In his previous film Sorry for Kung Fu (Oprosti za kung fu) Croatian director Ognien Svilicic used a very simple, almost stupid, frame: the wheels of an automobile. He used this shot several times. We did not see the auto itself — just the running wheels. The first time we saw this — we smile, the second time we realize that it’s a low budget movie and the director has no money to show how the car is going in and out. The third time we understand: Mr. Svilicic is a director who can turn the absence of money to artistic merit.
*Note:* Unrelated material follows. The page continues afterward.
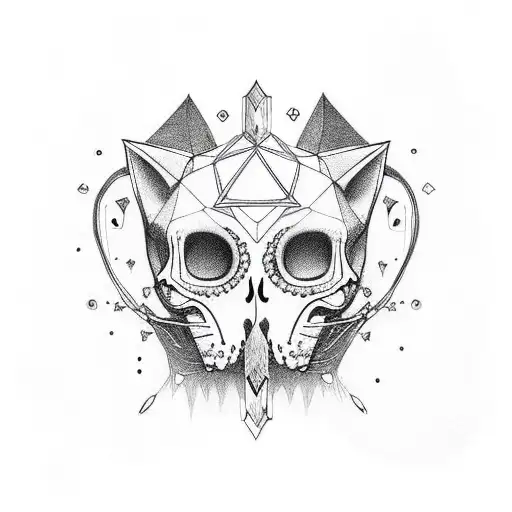 Cat Skull With Crystals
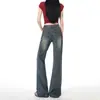 Jeans Acampanados Color Caqui para Mujer 2026 Nuevo Diseño Adelgazante de Cintura Alta con Remaches Pantalones Rectos Acampanados A10742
space.In his new film Armin he tells a story of a Bosnian family, father and son, going to the Croatian capital for an audition of a new German film about the war. And, like in Sorry for kung fu, he used another “stupid” frame: now — the feet. Two pairs of feet going back and forward several times again. Watching this we discover that it’s not only a question of the budget, it’s a type of filmmaking which is “in the director’s blood”.
The way from the Bosnian village to the Croatian capital is too long for the protagonists. They are tired. They are afraid of this audition. The father wants his son to be in the pictures. The son is a little bit shy, but the father acts like a “dumb but clever peasant” wanting to do everything to reach his aim.
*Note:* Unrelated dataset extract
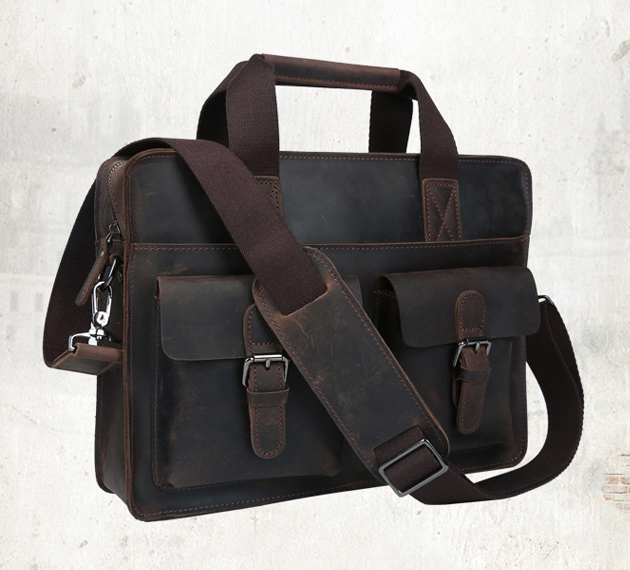 Dark Brown Distressed Leather Innovative Business Laptop Briefcase 03.jpg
Emir Hadgihafisbegovic is one of the great modern European actors and he portrays the father brilliantly. But even if there were another actor in his place, we, the audience would not only understand but even feel the content because of the director’s cinematic talent.

The walking feet are the same at each appearance. Using the Kuleshov effect, the director edits the feet with some different episodes, Svilicic, like his “dumb but clever” hero, reaches what he wants to reach. This father and son became our friends. We love them. We want them to win. When Armin fails we suddenly understand that it was something during the war which made the guy a “little bit shy”. And when neither Armin nor the father tells the German director what really happened, we agree with Mr. Svilicic who also keeps the secret.
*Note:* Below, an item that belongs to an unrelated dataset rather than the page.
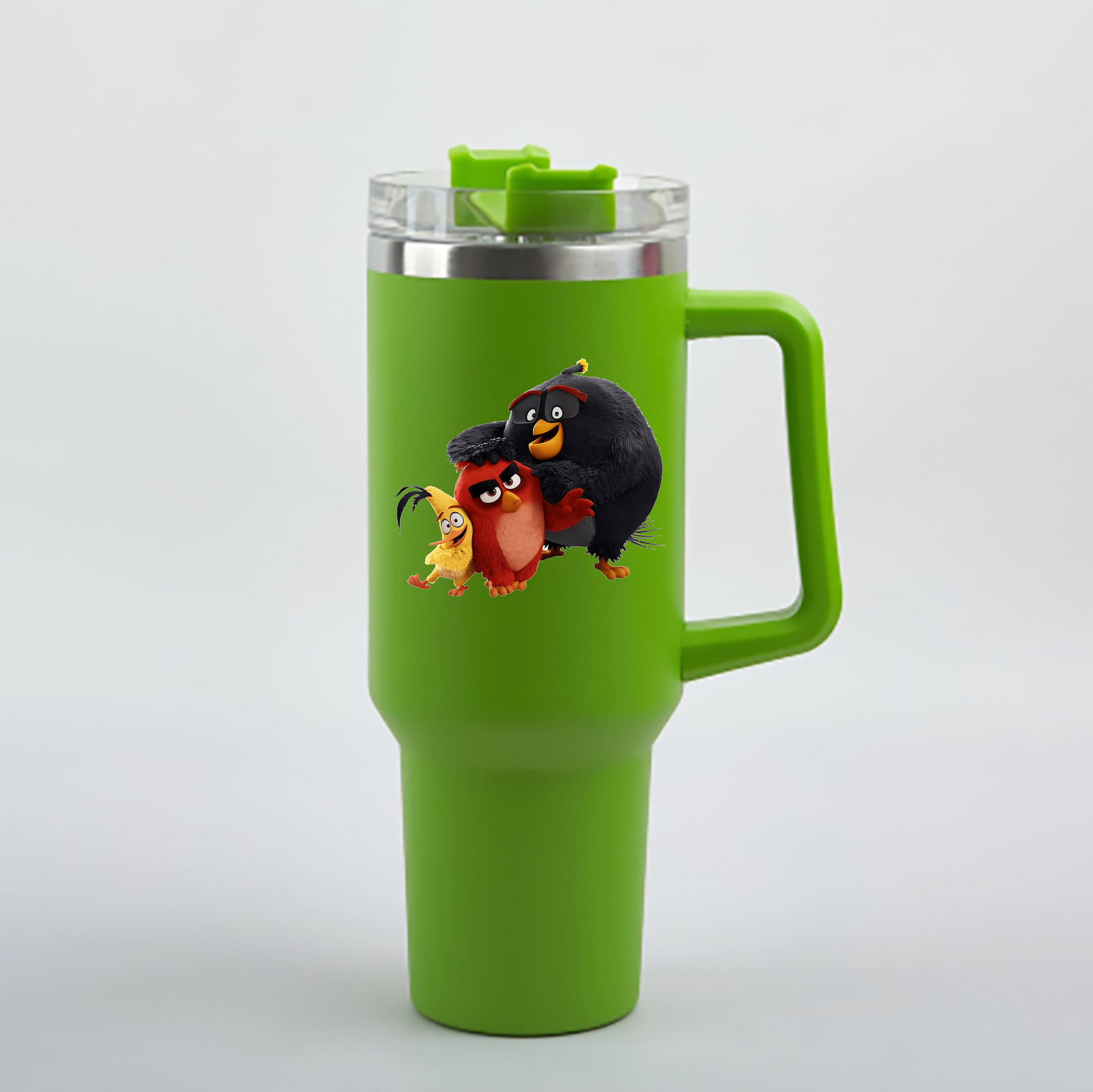 （画像用） Angry Birds アングリーバード 1200mL車用タンブラー - クリスタルステッカー（プラスチックストロー付き）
I hope every film student knows about the Kuleshov effect. But unfortunately the majority of new directors prefer to use elements from TV advertising and work with a “green screen”. I hope, too, that every film student has seen Belissima by Lucino Visconti, but no one tried to make his own version of this classic. The classic is a classic because each time one can film it in a new way.

It seems to me, nowadays that young directors know only one name from film history. They prefer to be a Croatian, German, Russian, Rumanian … Tarantino and try to kill more people on the screen than even Quentin himself did not do.

So, when in a modern film world you meet the director who tells very simple stories using pure film language; whose style grows out of great film history, you start think that if there is even one such a director, may be the future of filmmaking is not that bad.